■ DATA EXCERPT
Segment Open
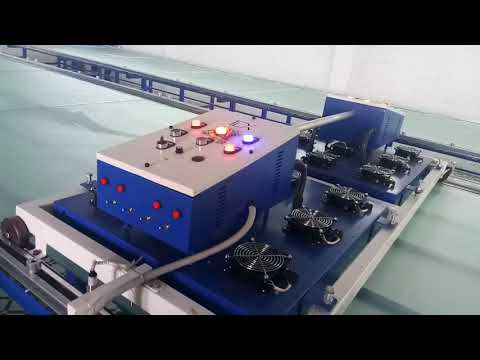 Textile screen printing glass top table dryer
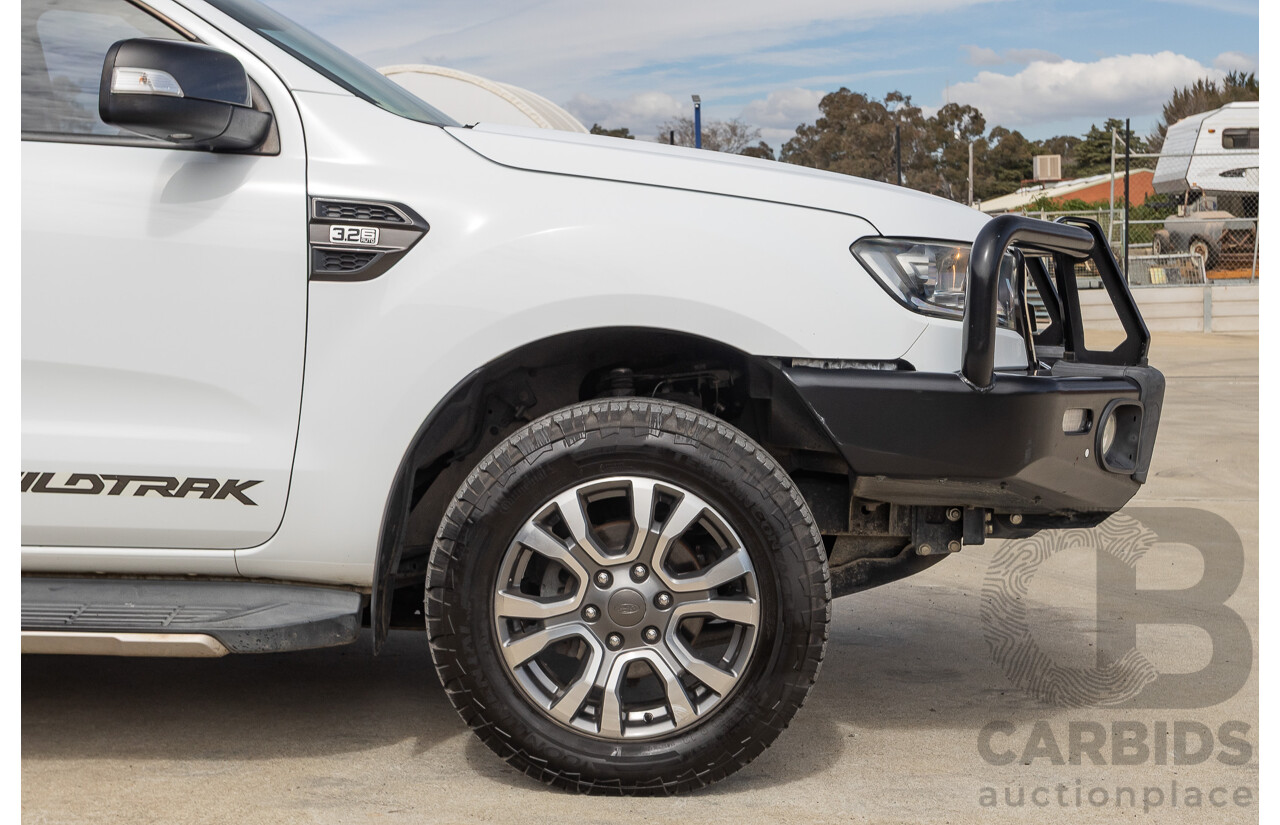 04/2018 Ford Ranger WILDTRAK 3.2 (4x4) PX MKII MY18 Dual Cab P/Up White Turbo Diesel 3.2L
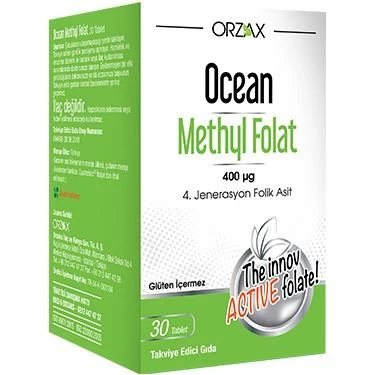 Orzax Ocean Methyl Folat 30 Tablet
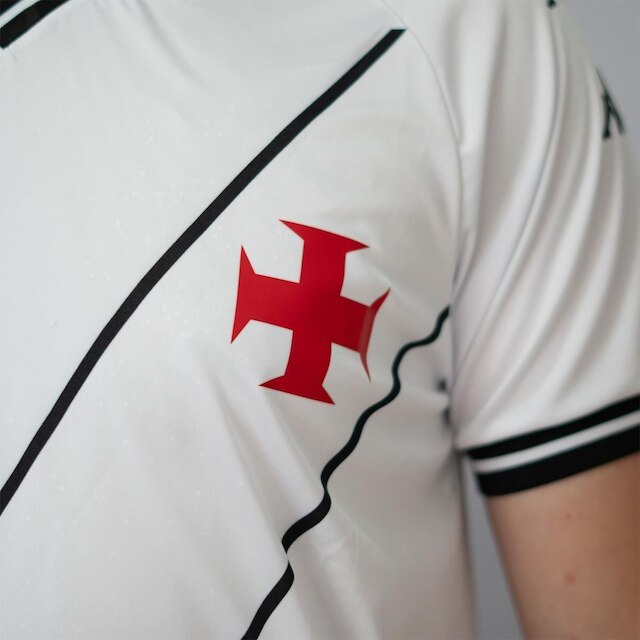 Camisa Vasco da Gama Kappa Supp Tradition Branco - Masculino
Segment Closed
■ WHAT THE TASK ASKS
Working from the material above, transcribe it exactly while omitting pictures.

■ EXERCISE RESULT
 Textile screen printing glass top table dryer
 04/2018 Ford Ranger WILDTRAK 3.2 (4x4) PX MKII MY18 Dual Cab P/Up White Turbo Diesel 3.2L
 Orzax Ocean Methyl Folat 30 Tablet
 Camisa Vasco da Gama Kappa Supp Tradition Branco - Masculino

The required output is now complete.